Nun hatte Anna ihn auch verhöhnt. Noch vor zehn Tagen hätte er ihr die Welt zu Füßen gelegt.
»Eine entsprungene Klosterschwester aus meiner Familie, welche Schande!« Der Graf rannte herum wie ein Gassenjunge, das Gesicht flammend rot. Gleich würde ihn der Schlag treffen. »Zehn Tage ist sie weg. Zehn, wisst Ihr, was das heißt?«
»Rechnet Ihr nach der neuen oder der alten Zeit?«
»Jetzt fangt nicht auch noch damit an, die Ratsherren unten im Kerker streiten sich schon darüber. Nach dem katholischen Kalender ist meine Schwester noch gar nicht verschwunden, versteht Ihr? Das riecht nach einer lutherischen Verschwörung!«
»Lutherisch?« Canisius grübelte. Anna hatte zu Luther nie besondere Neigungen gehabt.

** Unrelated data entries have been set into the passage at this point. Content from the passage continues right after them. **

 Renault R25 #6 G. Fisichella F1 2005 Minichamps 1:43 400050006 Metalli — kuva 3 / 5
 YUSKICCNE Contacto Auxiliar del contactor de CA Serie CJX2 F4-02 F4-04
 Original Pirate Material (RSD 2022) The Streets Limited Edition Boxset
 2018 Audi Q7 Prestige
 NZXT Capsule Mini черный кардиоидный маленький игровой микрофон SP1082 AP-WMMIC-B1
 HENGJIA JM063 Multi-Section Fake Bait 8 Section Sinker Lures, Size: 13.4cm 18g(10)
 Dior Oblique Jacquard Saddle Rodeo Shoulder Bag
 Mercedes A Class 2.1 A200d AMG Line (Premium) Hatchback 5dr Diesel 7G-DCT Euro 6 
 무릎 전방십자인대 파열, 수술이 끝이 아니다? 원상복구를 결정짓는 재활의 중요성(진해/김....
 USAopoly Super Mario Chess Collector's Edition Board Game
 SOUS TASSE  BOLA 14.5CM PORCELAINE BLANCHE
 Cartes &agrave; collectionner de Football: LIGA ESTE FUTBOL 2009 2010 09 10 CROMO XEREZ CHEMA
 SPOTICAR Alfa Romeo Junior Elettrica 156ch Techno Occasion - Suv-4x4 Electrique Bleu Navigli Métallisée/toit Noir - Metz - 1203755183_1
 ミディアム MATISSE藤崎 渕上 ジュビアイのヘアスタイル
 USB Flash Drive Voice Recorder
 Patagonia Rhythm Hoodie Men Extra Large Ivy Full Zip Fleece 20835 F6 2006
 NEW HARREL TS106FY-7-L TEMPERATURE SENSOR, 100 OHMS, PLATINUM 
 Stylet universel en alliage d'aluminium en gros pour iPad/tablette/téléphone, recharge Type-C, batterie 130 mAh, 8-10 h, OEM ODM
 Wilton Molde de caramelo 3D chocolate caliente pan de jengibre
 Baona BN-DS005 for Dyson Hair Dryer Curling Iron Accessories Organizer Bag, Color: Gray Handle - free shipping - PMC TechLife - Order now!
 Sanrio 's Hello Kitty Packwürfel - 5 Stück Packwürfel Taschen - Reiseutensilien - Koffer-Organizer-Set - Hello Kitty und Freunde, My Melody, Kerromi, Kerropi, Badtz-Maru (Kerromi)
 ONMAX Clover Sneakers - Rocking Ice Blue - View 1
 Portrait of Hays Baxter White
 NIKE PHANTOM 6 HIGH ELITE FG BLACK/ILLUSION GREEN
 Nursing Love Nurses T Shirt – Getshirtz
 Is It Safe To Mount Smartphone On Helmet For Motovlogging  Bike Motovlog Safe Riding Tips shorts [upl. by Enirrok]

»Sie unterstand doch Eurer seelsorgerischer Betreuung. Hat sie nicht geäußert, dass ihr das Klosterleben missfalle?«
»Davon ist mir nichts bekannt«, sagte Canisius knapp. »Immerhin war sie Subpriorin und …«
»Nur ein Scheinamt, machen wir uns nichts vor. Damit wolltet Ihr sie noch mehr an das Nonnenleben binden, ohne ihr wirkliche Pflichten aufzubürden. Allein um sich an ihrer Blätterbemalung, oder wie auch immer Ihr das nennen mögt, zu bereichern.«
Ein Tölpel im Grafenstand, mehr war er nicht, dieser Fuggersohn, Canisius hatte es schon immer geahnt. Was der verstorbene Papst an ihm gefunden hatte, weiß der Herrgott allein. Wie ein Gockel mit Goldhelm sah er aus, gleich würde er zu krähen anfangen, wenn das so weiter ging. Canisius setzte sich erst mal. Wenn er jetzt auch noch den Kopf verlor, dann würde Anna nie mehr gefunden werden. Aber vielleicht lag genau das in ihrer Absicht?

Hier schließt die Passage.